ACTION ITEM:
Below are the data; count the lines with the string "black" in them and give that number only.

RECORDS TO PROCESS:
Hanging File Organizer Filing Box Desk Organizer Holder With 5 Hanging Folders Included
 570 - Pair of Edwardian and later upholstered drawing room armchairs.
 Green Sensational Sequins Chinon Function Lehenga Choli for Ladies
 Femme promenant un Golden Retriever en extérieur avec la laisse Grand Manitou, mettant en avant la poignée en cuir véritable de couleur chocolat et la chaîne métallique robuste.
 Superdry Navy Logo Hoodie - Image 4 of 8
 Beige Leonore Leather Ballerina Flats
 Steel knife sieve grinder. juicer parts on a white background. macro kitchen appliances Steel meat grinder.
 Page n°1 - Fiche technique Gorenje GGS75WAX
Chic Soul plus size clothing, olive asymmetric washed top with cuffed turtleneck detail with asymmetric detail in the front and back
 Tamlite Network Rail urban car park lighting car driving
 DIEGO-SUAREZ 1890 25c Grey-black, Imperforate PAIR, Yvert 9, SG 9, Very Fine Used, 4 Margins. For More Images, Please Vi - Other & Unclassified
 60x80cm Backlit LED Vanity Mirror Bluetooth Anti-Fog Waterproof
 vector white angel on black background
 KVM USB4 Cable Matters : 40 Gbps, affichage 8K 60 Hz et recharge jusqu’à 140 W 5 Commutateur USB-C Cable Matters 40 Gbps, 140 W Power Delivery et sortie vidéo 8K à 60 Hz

RESPONSE FOR THIS EXERCISE:
2